Il résulte de l’ensemble des éléments produits que la procédure relative à l’admission de [M] [Y] en hospitalisation complète est régulière.
En outre, selon les différents certificats médicaux et l’avis motivé, les troubles du comportement persistent, notamment des idées délirantes de persécution de mécanisme hallucinatoire et intuitif, et rendent impossible son consentement sur la durée.
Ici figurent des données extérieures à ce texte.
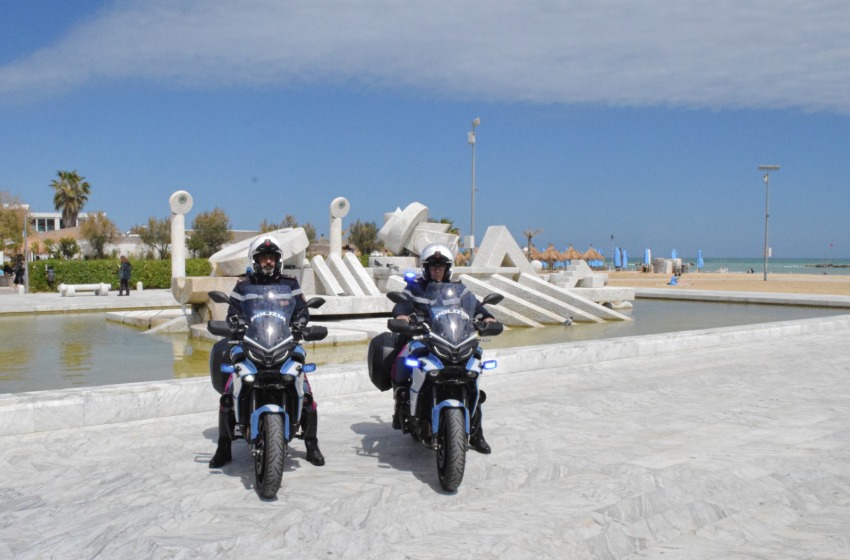 La Polizia in sella a moto Yamaha Tracer per in estate più sicura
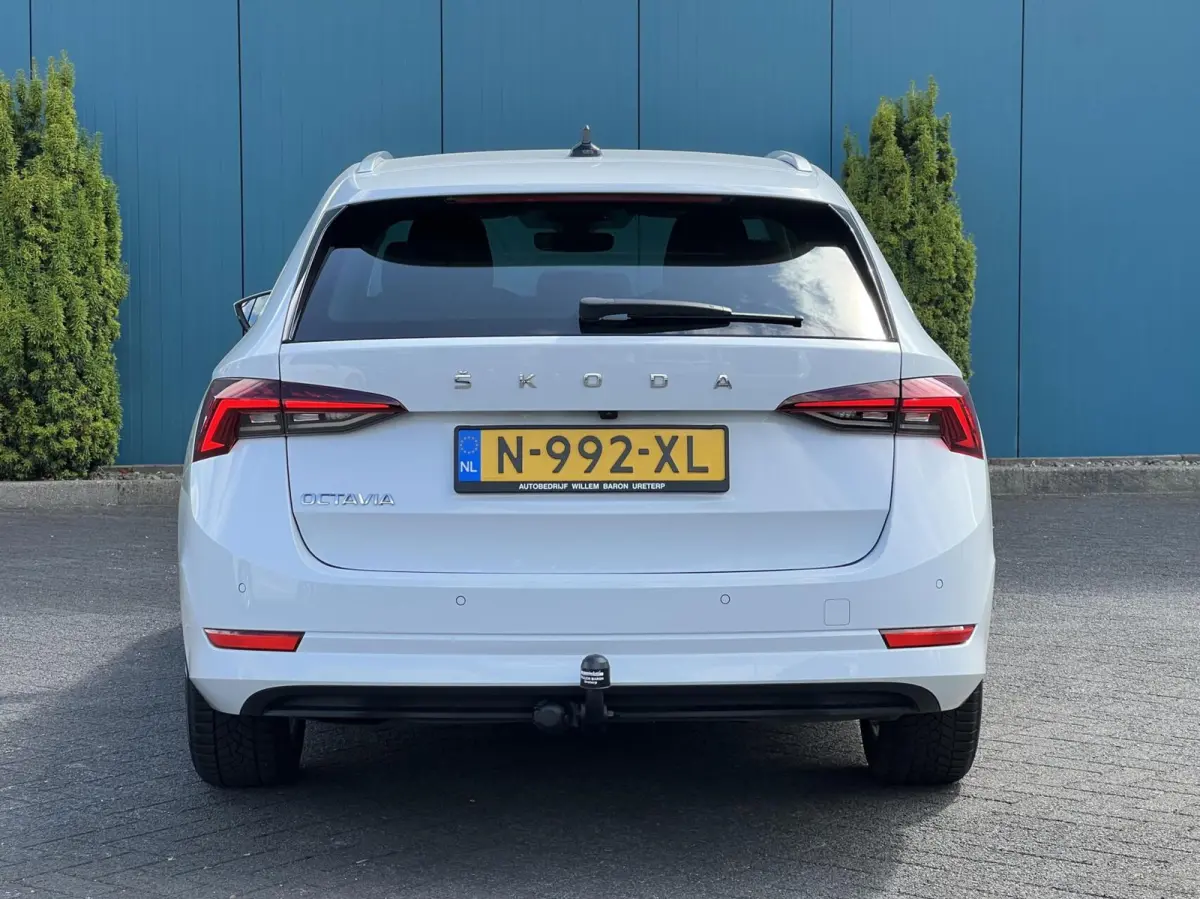 1.0 TSI Business Edition CARPLAY | TREKH | CRUISE | STOELVERW | DIGI.DASH | ELEK.A.KLEP | NAV | LED | DAB | ECC | 17'LMV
En conséquence, l’état mental de [M] [Y] impose la poursuite des soins assortis d’une surveillance médicale constante justifiant une hospitalisation complète.
PAR CES MOTIFS
Statuant publiquement, par ordonnance réputée contradictoire, en premier ressort :
DÉCLARE recevable la requête présentée par le Directeur du Centre Hospitalier de [Localité 3] ;
MaintIens la mesure d’hospitalisation complète dont fait l’objet [M] [Y] ;
RAPPELLE aux parties que :
- la présente ordonnance peut faire l’objet d’un appel devant le premier président de la Cour d’Appel et ce, dans un délai de 10 jours à compter de sa notification (articles R. 3211-18 et R. 3211-33 du code de la santé publique) ;
- cet appel doit être formé par déclaration transmise par tout moyen au greffe de la Cour d’appel de Metz ;
- l’appel interjeté par la personne hospitalisée ou son avocat n’est pas suspensif en application de l’article L.3211-12-4 alinéa 2 du code de la santé publique ;
LAISSE les éventuels dépens de la présente procédure à la charge du Trésor Public ;
Ainsi rédigé au Tribunal Judiciaire de METZ, le 7 novembre 2024 par Jeanne SEICHEPINE, Vice-Présidente chargée des fonctions de Juge des Libertés et de la Détention et signé par elle et le Greffier.